__Task requirements__: Return exactly the lines below, starting with the one that has "Apartment in New" and going on through the one that has "thelomasfc's tweet photo.".

__Exercise materials__:
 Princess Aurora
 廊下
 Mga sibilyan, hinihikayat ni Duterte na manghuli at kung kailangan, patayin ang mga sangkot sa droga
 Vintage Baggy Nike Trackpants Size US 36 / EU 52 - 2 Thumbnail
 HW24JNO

--

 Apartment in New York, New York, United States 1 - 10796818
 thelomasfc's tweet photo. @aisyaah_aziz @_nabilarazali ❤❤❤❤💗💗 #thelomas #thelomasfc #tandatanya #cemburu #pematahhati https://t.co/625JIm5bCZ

__Exercise answer__:
 Apartment in New York, New York, United States 1 - 10796818
 thelomasfc's tweet photo. @aisyaah_aziz @_nabilarazali ❤❤❤❤💗💗 #thelomas #thelomasfc #tandatanya #cemburu #pematahhati https://t.co/625JIm5bCZ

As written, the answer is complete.